The beginning of Christmastide is marked by the 24th of December; it marks the celebration of the Christmas season, and the birth of Christ. When we were children, it marked an annual tradition that I treasure to this day. Many of those who shared this Christmas memory have long since passed, but I can see that warm, festive house and all those people gathered inside when I close my eyes and remember …
As children, we ventured to my great-uncle’s home once every year—the 24th of December. His home was situated on a high bluff overlooking the river that runs through our old city. Many of the houses on his street were from another century; to our tiny eyes, they were mansions all decorated in festive holiday lights that twinkled in the cold night air.
No matter the weather, the eve of Christmas was a day of excitement from the moment our feet hit the floor in early morning. And snow on the ground only added to our mood. We could hardly wait for the day to wind down so we could dress for the party. Only our best dresses and paten leathers would do. Often, we wore dresses sewn by our grandmother for the occasion.
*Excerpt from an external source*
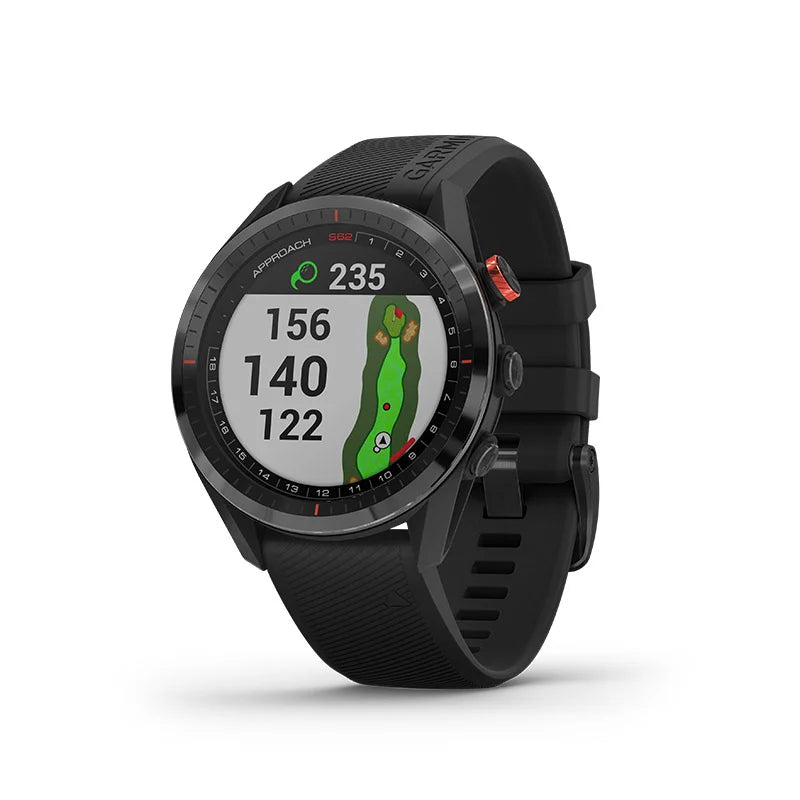 Garmin Approach S62 svart golfklocka i profil med QuickFit-armband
Upon arrival, we would tear free from our winter coats and mittens and run to greet our many cousins who were scattered throughout the house. Dinner came next, a feast spread on the large oval dining table. After filling our dinner plates—mostly with Christmas cookies and candies if our parents were not looking, we would find a place to sit and eat. The coveted area was in the large sunroom with windows looking out over the bluff. We would pretend we might fall over along with the whole house at any moment!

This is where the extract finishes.